Take Back Your Control
But then again, this complexity probably doesn’t come as much of a surprise to you. If you’ve spent any time with the cloud, you’re living it. I recently spoke with an analyst and she said complexity is the number one concern she hears over and over.
Complexity may be a challenge but it doesn’t have to be intractable. Not if you can take back control. But how do you do that when much of the internet is outside of your control?
Observability and automation.
Observability is the ability to see into the infrastructure and application, monitor their performance, and pinpoint real and potential performance issues using AI and analytics. If you can see how an application is performing across connections and service meshes then you can make changes to optimize that performance—even on connections that you don’t control.
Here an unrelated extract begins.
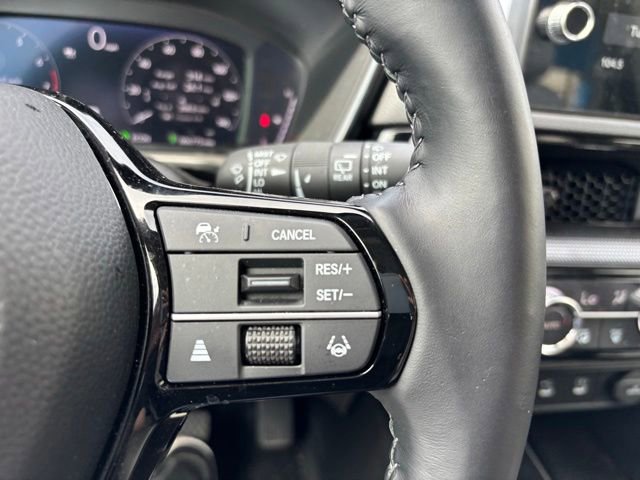 Certified 2026 Honda CR-V EX-L image 14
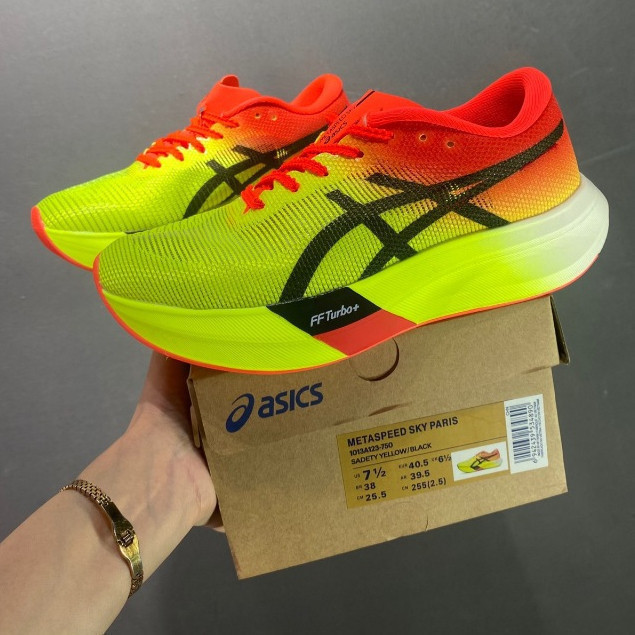 Giày chạy bộ Asics Metaspeed Sky - Chống Shock & Mài Mòn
Automation lets you imply control by standardizing repetitive operational, security and connectivity processes for consistency and simplicity. From an application experience perspective, this automation can consist of application prioritization to align application type to the right route, access policy to ensure the right access for the right users and applications, and the right protocols between cloud providers, ISPs and your network edge.
Look across our entire cloud portfolio and you’ll see that only Cisco can provide this necessary full-stack observability and automation. We provide these key capabilities through a cross-portfolio approach that lets you decide what mix is right for your specific cloud deployment.
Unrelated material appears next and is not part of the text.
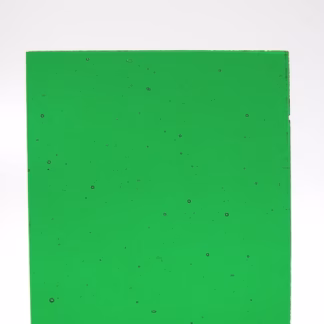 W 343 középzöld transzp. üveg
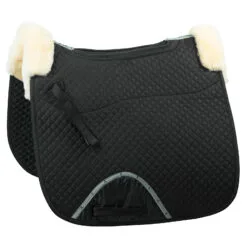 Horze Harleigh Sheepskin Saddle Pad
This spectrum of solutions includes:
ThousandEyes provides observability across clouds, data centers and networks to help identify infrastructure issues that can be impacting the user application experience—even on connections you don’t control. Its actionable insights proactively pinpoint problem areas and enable you to quickly remediate the situation so the user experience is minimally impacted.
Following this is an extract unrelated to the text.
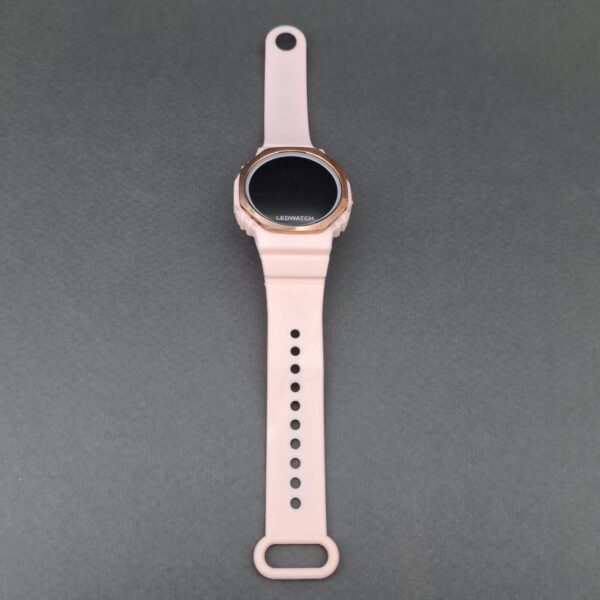 ساعت ال ای دی درشت جور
AppDynamics takes an application-focused approach to full-stack observability. This portfolio of solutions can provide real-time insights that help ensure consistent application performance to drive revenue and results. The cloud portfolio includes migration monitoring, cloud native monitoring, serverless monitoring and baselining for microservices and containers.
Cisco Nexus Dashboard
Increasingly, our customers are looking to enable application agility and adopt cloud operational models to handle the growing scale and complexity of their infrastructure. These expanded needs are met by Cisco Nexus Dashboard. The intuitive Nexus Dashboard platform providers services such as Nexus Dashboard Insights, Nexus Dashboard Orchestrator and Nexus Dashboard Data Broker, that provide a single operational view of your geographically dispersed multicloud environments. The platform enables the acceleration of NetOps and DevOps capabilities and aligns seamlessly with third-party ecosystem tools from Terraform, ServiceNow, and Splunk. As a result, it accelerates the adoption of cloud-native applications practices while ensuring application agility and performance.
Cisco SD-WAN Cloud OnRamp
Connectivity is critically important for app performance. Cisco SD-WAN Cloud OnRamp ensures secure connectivity between cloud services and your users. The onramp and the cloud exchange information about the application’s payload to ensure it is routed correctly based on the app’s needs for latency and packet loss. Video and audio are connected for low latency and packet loss while documents and slides use less critical paths.
Application experience is how you are judged. In an imperfect world marked by growing complexity, we help you take back control and harness the potential of the clouds. When your business depends on a first class application experience, Cisco provides the tools to ensure exceptional performance anywhere and to any user.